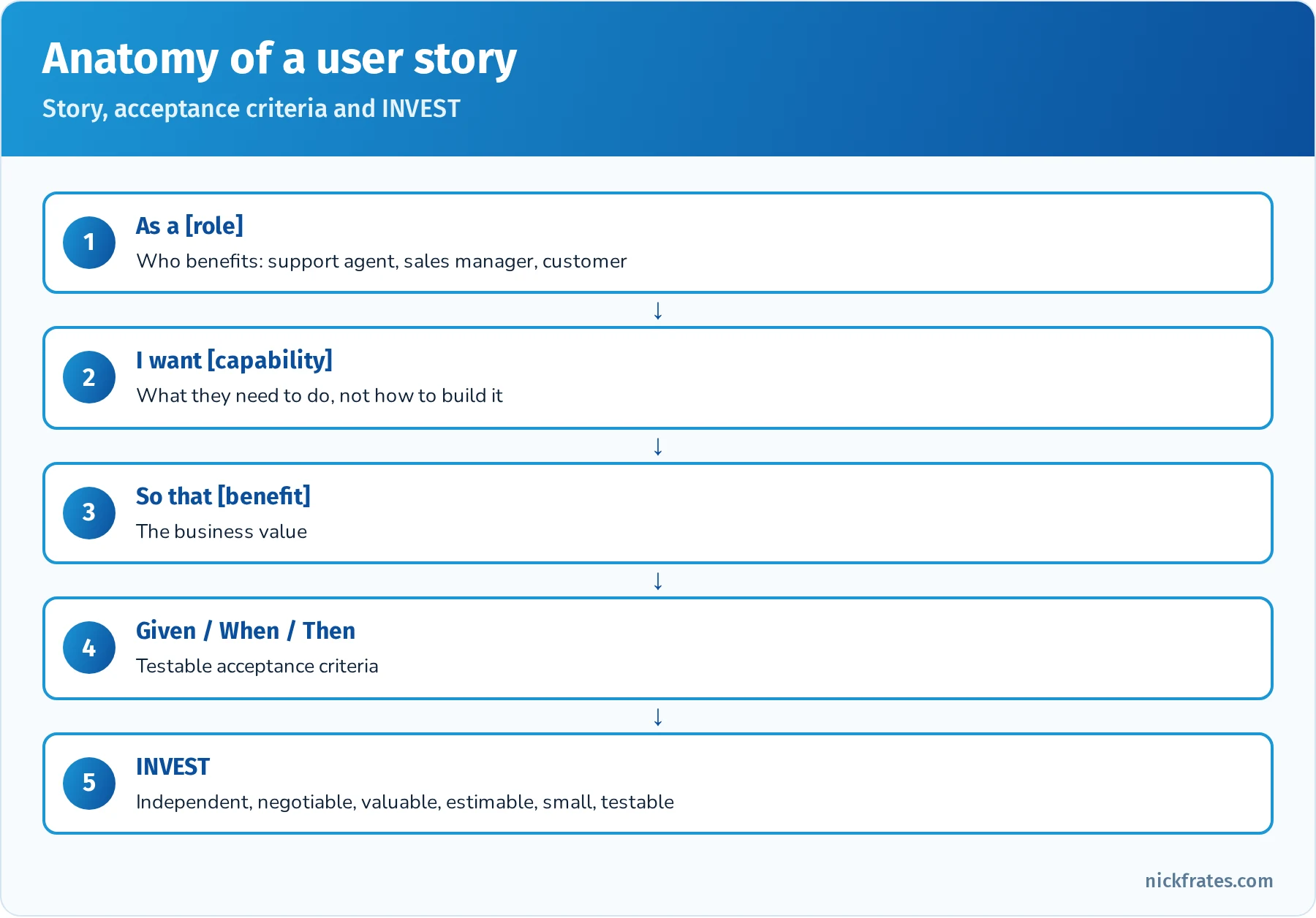 User story anatomy: as a role, I want a capability, so that a benefit, with Given When Then acceptance criteria and the INVEST checklist: independent, negotiable, valuable, estimable, small, testable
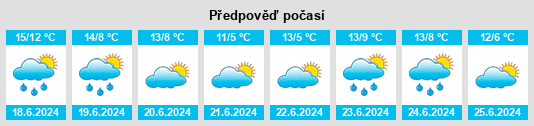 Výhled počasí pro místo Wilde na Slunečno.cz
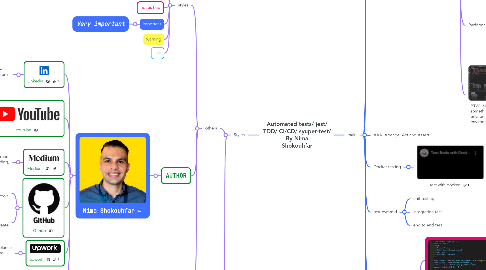 Mind Map: Automated tests/ jest/ TDD/ CI/CD/ syuper-test/ By Nima Shokouhfar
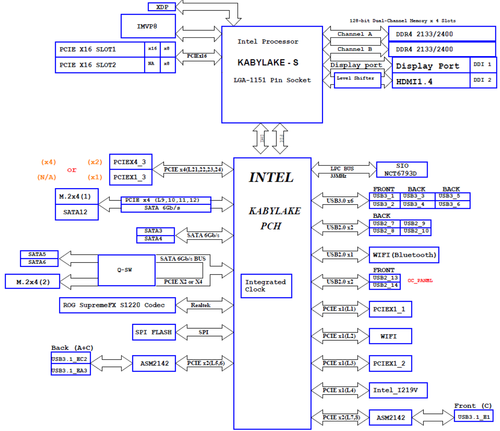 500x431  107 KB. Big one: 1500x1292  441 KB
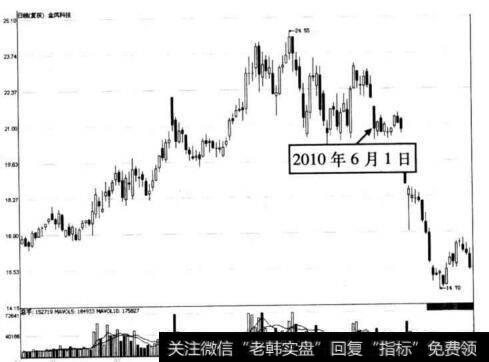 图5-23 金风科技在2010年6月1日前后的走势图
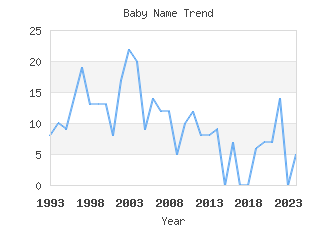 Baby Name Popularity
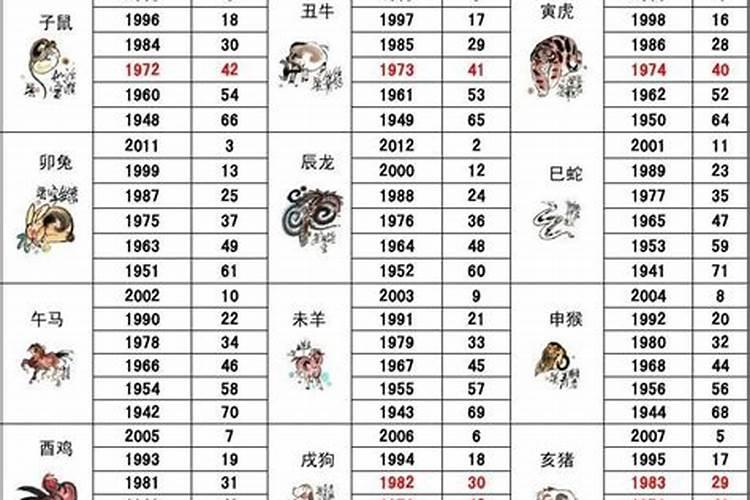 1947年属什么生肖今年几岁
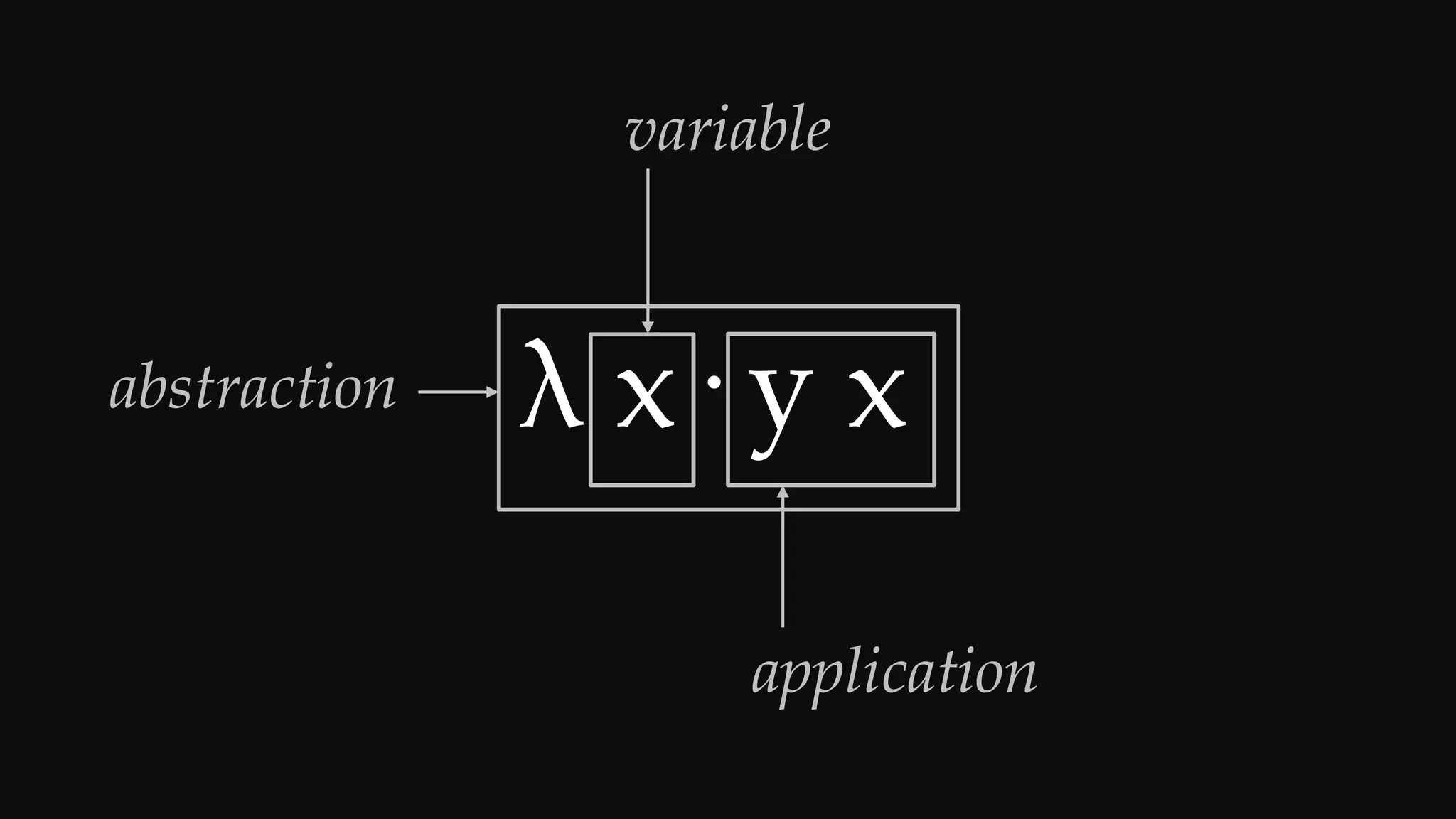 f → λ x· y x
variable
abstraction
application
━━━━━━━━
THE PROBLEM: For each record above, write it out exactly and omit any picture.

ANSWER TO THIS PROBLEM:
 User story anatomy: as a role, I want a capability, so that a benefit, with Given When Then acceptance criteria and the INVEST checklist: independent, negotiable, valuable, estimable, small, testable
 Výhled počasí pro místo Wilde na Slunečno.cz
 Mind Map: Automated tests/ jest/ TDD/ CI/CD/ syuper-test/ By Nima Shokouhfar
 500x431  107 KB. Big one: 1500x1292  441 KB
 图5-23 金风科技在2010年6月1日前后的走势图
 Baby Name Popularity
 1947年属什么生肖今年几岁
 f → λ x· y x
variable
abstraction
application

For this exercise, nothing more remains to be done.